I am afraid.
The other week I was praying a novena for my mentally ill daughter Felicity. I begged Mary to untie the knots in her sometimes difficult life. It just occurred to me I am also in need of those prayers. I can just imagine Mary saying, “Untie the knots in Felicity’s life? What about those in your own?” Somehow our knots are all entangled together.
Prayers are never answered in a straightforward way. God doesn’t just take away the situation we want to be released from. Oh no, He leads us on an unexpected journey. He takes us where we would never ask to go. It could be exciting beyond imagination. It certainly is frightening. Do I want to go there?
I am afraid.
By writing about my experiences raising a child with mental illness, as I promised in my last post, I am afraid I’m going to have to face up to all the mistakes of the past. I will have to relive those days I’d rather forget. I will be admitting I am far from perfect.

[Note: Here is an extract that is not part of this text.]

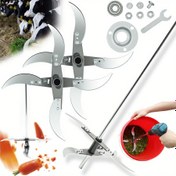 Resim Çok Amaçlı Çim Kesme Bıçak Seti - Matkaplar/Öğütücüler İçin Uyumlu - Paslanmaz Çelik Yapraklar - Saman/Sebze/Yem/Meyve için Uygun - Hayvan Yemi Kırma Bıçakları - Çiftlik/Ev Bahçesi için Temel Ekipman 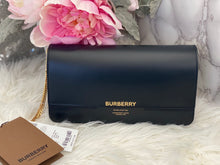Load image into Gallery viewer, Burberry Leather Grace/ Horseferry Clutch with Beautiful Gold Chain- BRAND NEW!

Part of me wants to retreat right now while I have a chance. I don’t want people to know who I was, and what I still struggle with. Perhaps I should just swap some private letters with Felicity. There is no reason I have to post our story in public, is there?
I want to say, “I’m Sue, an unschooling mother. My life is almost perfect. It’s always been that way. I’ve got everything worked out.” I want to fool you. I want to fool myself.

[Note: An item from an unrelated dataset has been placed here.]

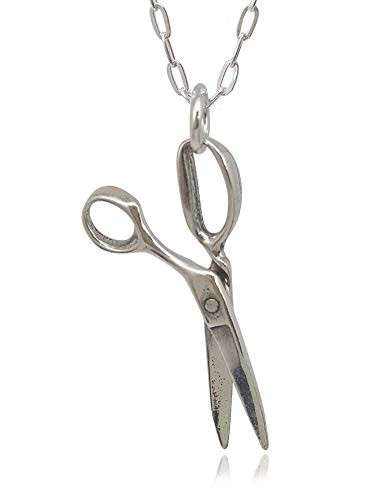 Sterling Silver Scissors 3D Charm Necklace 18"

Have you ever noticed that the greatest graces come from the greatest challenges? If only we are able to accept the invitation. If only we weren’t afraid to take the first step.

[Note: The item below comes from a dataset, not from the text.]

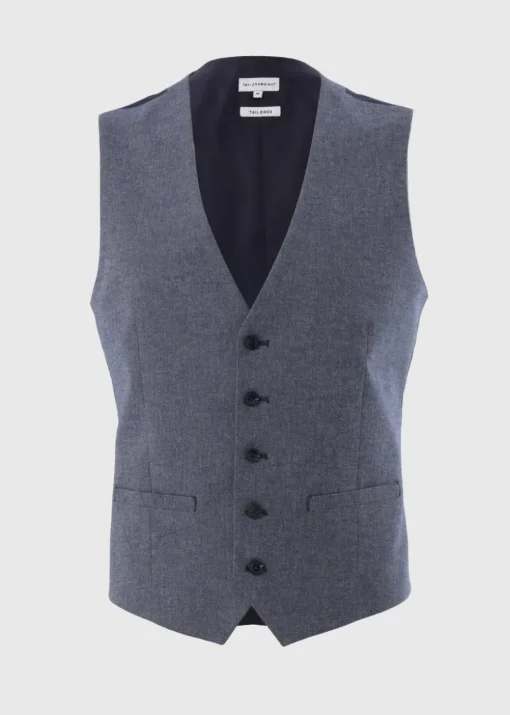 Taylor & Wright Carlo Italian Blue Denim Tailored Waistcoat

“God, Who does nothing in vain,
does not give us either strength or courage
when we don’t need them, but only when we do.
He never fails us.”
St Francis de Sales
I found this quote on Nancy’s blog, The Breadbox Letters
So I am going to be brave. I will write my series of posts. I shall be honest. Will I lose credibility? I don’t know. Does it matter?
All that really matters is Felicity, and how she loves me… despite everything.
“I really love you, Mum,” she says, every time we chat on the phone. I really love her too.
I am no longer afraid.
Image: I thought this would be a fun photo to lighten the mood of the post. but then I remembered the circumstances in which it was taken. Again, appearances can be deceiving.
Can you see Sophie’s tear streaked face? This photo was taken a few years ago, just before we said goodbye to Felicity, as she set off back to Perth after a short holiday at home. Felicity was trying to cheer everyone up with her funny faces and rabbit ears. Sophie and I couldn’t smile. We cried,
PS You may be wondering what all this has to do with unschooling. I think it’s got a lot to do with it. I shall explain as we go along…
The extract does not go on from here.